Descripción
Nico Jungel sitúa su libro de 424 dibujos en la historia más amplia de la imagen —desde las líneas rayadas en cuevas hasta los dibujos a tinta y las imágenes digitales posmodernas— como un medio para expresar y examinar la vida. Mientras imagina patrones de código fuente de unos y ceros, plantea la pregunta central: ¿cómo lidiamos con la enorme influencia del código binario en la vida cotidiana? La propuesta de Jungel es que, aunque nuestras vidas siguen estando cada vez más regidas por este principio de clara distinción, en realidad nunca hemos estado tan perdidos. Necesitamos categorizar (en los motores de búsqueda) y clasificar (en listas de los productos más baratos o mejores) para llegar a conclusiones mediante el análisis de datos y el reconocimiento de patrones (por ejemplo, en cuestiones de seguridad: ¿quién será el próximo terrorista?). Entonces, ¿cómo podemos «perdernos» de forma positiva —y así confiar en nosotros mismos— cuando el sistema perfectamente definido en el que operamos nos ciega?
Jungel establece un espectro medial que abarca desde dibujos a mano (tanto en papel como en pantalla), imágenes controladas por ordenador y mecánicamente, y patrones «encontrados» y editados, para luego mezclarlos todos y ocultar deliberadamente sus medios de producción. Una mirada más cercana a la mayoría de estos patrones mezclados y entretejidos da testimonio de su infinita variabilidad, ya que su creación es el resultado de un laborioso proceso de manos en movimiento. Con agujeros y huecos en giros inesperados, fluyen y serpentean de una manera que compite con el dinamismo incluso de las mejores animaciones generadas por ordenador.
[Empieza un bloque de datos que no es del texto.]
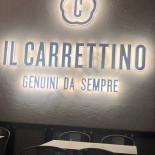 Il Carrettino À l'intérieur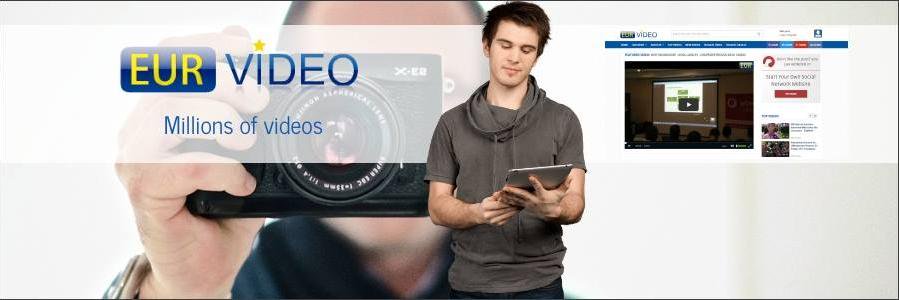 Eurvideo's profile banner image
Además, en la amplia variedad de imágenes que contiene el libro, se observará que algunos dibujos, a pesar de estar basados en las matemáticas, están impresos de forma imperfecta; otros sobreestimulan nuestra visión, provocando alucinaciones parpadeantes. Jungel busca posibilidades más allá de la perfección. Con su gran cantidad de dibujos, nos invita a tomarnos el tiempo para disfrutar perdiéndonos en algo, o más bien, en UNA cosa. Solo en ese momento, según su afirmación, se puede trabajar en cuestiones esenciales como: ¿Cómo, si es posible, podemos crear una distorsión impredecible? ¿Cómo debe ser una producción artística desafiante (que también se oponga a las máquinas y al software)? ¿En qué estructuras encuentra la vida (social) más salud y atractivo? El propio Jungel utiliza el proceso del dibujo para lidiar con este tipo de cuestiones existenciales, pero aún así consigue crear imágenes visualmente atractivas y desafiantes que marcan la solemne belleza de los puntos, las líneas y los espacios.